Exercise brief: Beginning with the line that includes "Cover Image of" and ending with the last line of the entries below, set down each line exactly; include no pictures.

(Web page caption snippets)
○ ○ ○ ○ ○

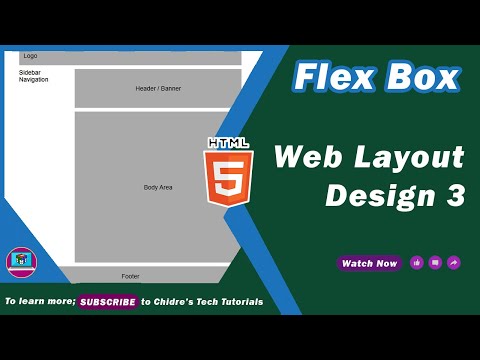 How to create Website Page Layout in HTML CSS using Float Web Layout Design Tutorial 01 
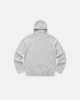 Men's textured hooded pullover with high neck and long sleeves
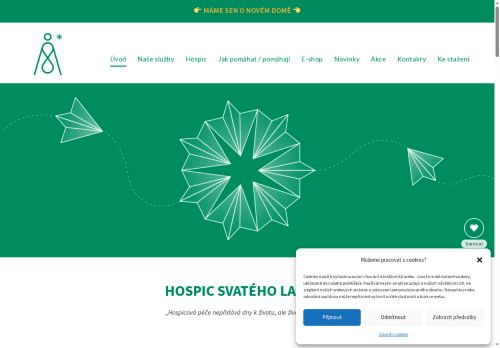 Zobrazit webové stránky Hospic svatého Lazara, z.s.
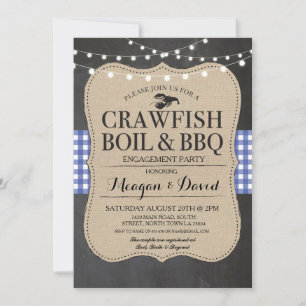 Langusten-Boil-GRILLEN-Engagement Party-Lobster Einladung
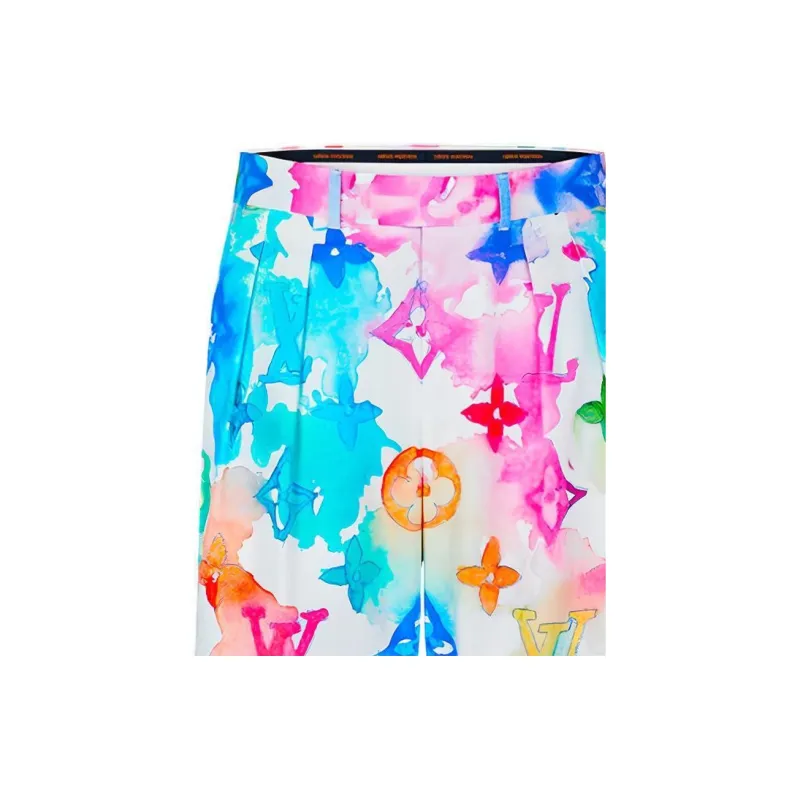 LOUIS VUITTON SS21 Casual Shorts Men's Multicolor-5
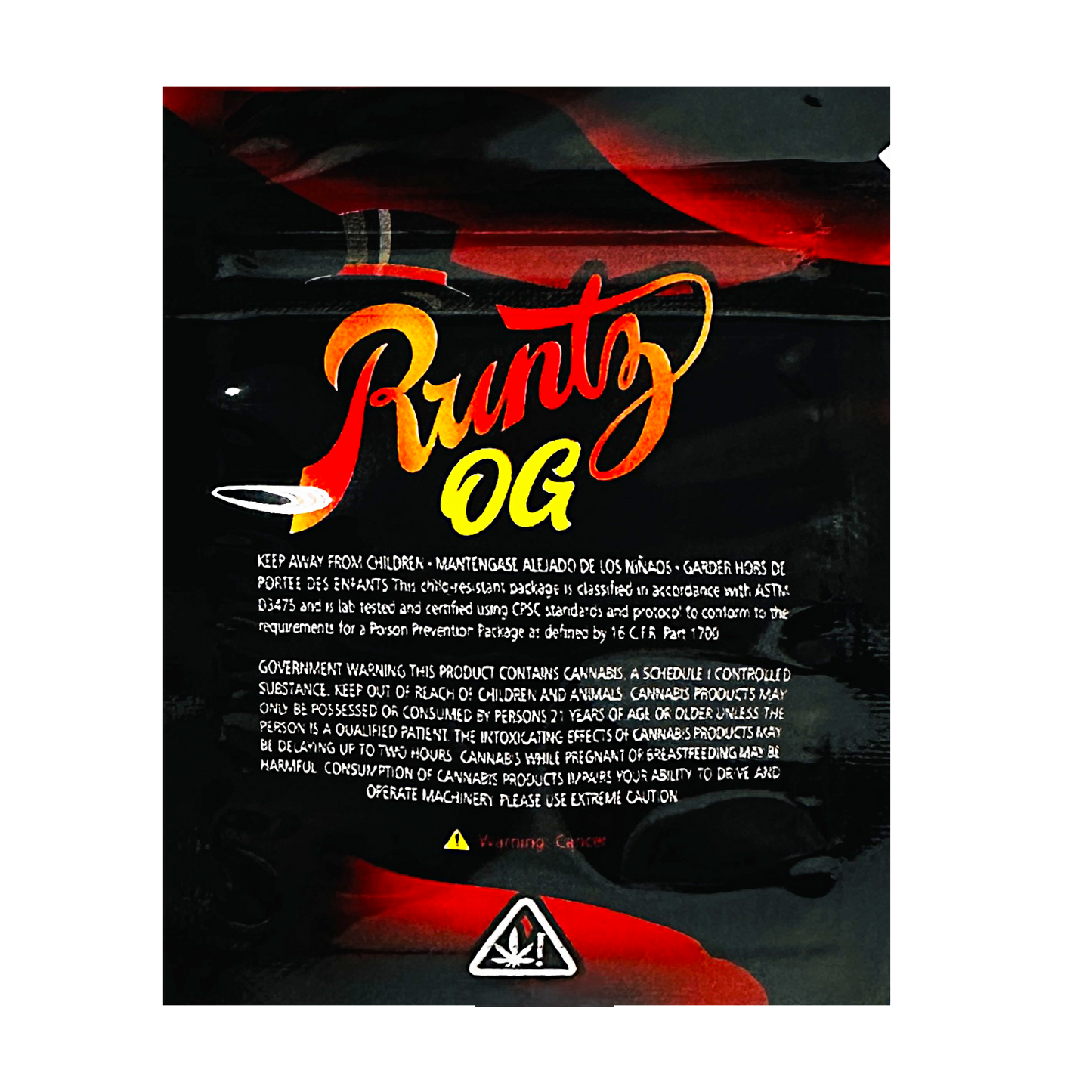 1g Exotic Mylar Bag - Runtz OG (100 Count)
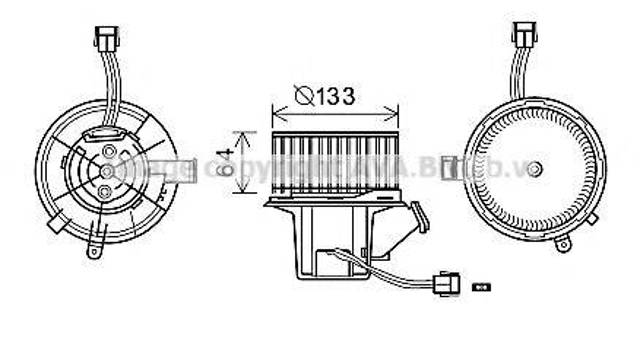 Моторчик печки MS8640 AVA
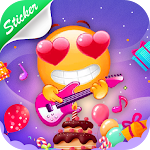 Cover Image of Download Emoji GIF Love Stickers For WhatsApp - Birthday 1.0.5 APK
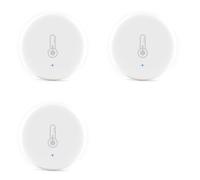 HWIREUIGT Tuya Smart ZigBee 3.0 Sensor inteligente de temperatura y humedad alimentado por pilas con la aplicación Tuya Smart Life (C)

○ ○ ○ ○ ○

The completed task:
 Cover Image of Download Emoji GIF Love Stickers For WhatsApp - Birthday 1.0.5 APK
 HWIREUIGT Tuya Smart ZigBee 3.0 Sensor inteligente de temperatura y humedad alimentado por pilas con la aplicación Tuya Smart Life (C)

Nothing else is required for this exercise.